Lindsay’s dedication to rodeo didn’t go unnoticed. Another surprise on the rodeo trail came when CNCC in Rangely, Colo., offered her the assistant rodeo coach position. “They’d had another girl coaching, and I told the head coach Jed Moore in passing that she had an awesome job,” Lindsay recalls. “I love coaching kids. A while later at a college rodeo, Jed asked me if I was serious about the job, and he offered it to me right there. It wasn’t in my plans, but it is now, and I’ll see where it takes me!” She starts her work with recruiting this July, and she’ll move to Rangely in August.
She’s also working to start her own business since graduating this spring with degrees in equine studies and business management. “I’m interested in chiropractic work and equine dentistry. Growing up, we’d take trailers full of horses to a guy who came through here specializing in those areas. People are always asking who they can call for those services, and that’s what gave me the idea for my business.”
While she’s also helping her family with ranching and farming this summer in southeast Idaho, Lindsay sets aside time for rodeoing with the RMPRA in both the team roping and breakaway. “I do both ends team roping, but I’d say I like breakaway a lot more,” she says. “I had a bad horse accident team roping right before my freshman year of college, so it took me a while to even want to team rope after that.” Lindsay doesn’t remember much of the accident, but her dad, who was watching, says she was roping a steer when her horse stepped into her curl and sent the pair tumbling head first. “She had a concussion, and she had a tough time for a year and a half being able to remember short term things,” says Kelly. “We went to Utah State University, which specializes in researching concussions and learned that Lindsay needed to teach her brain it could still learn new things. She started beading projects like belts, and working with her hands and creating patterns has really helped her mind heal itself.”
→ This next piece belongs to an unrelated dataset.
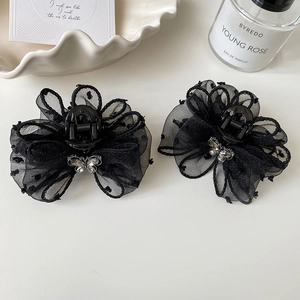 Detail of black polka dot mesh flower hair claws with rhinestone butterfly accents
On the rodeo side, Lindsay missed her first regional college rodeo of the season, but she was released to compete shortly after and won the all-around in her first college rodeo, placing in both the breakaway and the team roping in Pocatello, Idaho, on her yellow mare, Piggy. “I probably wouldn’t still be team roping without the help of my friend Trasen Jones, and Cody DeMers, who was the assistant rodeo coach at CSI,” says Lindsay. “He really helped me get back into things mentally, and my dad helped me with the roping. Dad’s always been my go-to guy – I don’t know what I’d do without him. He and my mom are my biggest supporters, and I can always count on them being there.
“My biggest goal for the future is getting my business started up, and rodeo wise, I want to stay on top of my game and keep making the finals. I also want to get married someday and start a family and get them into rodeo. Rodeo is a family thing, and we’ve never let it die. I knew every summer I’d be living out of the truck and trailer. It’s part of my life, so I come back to it all the time.”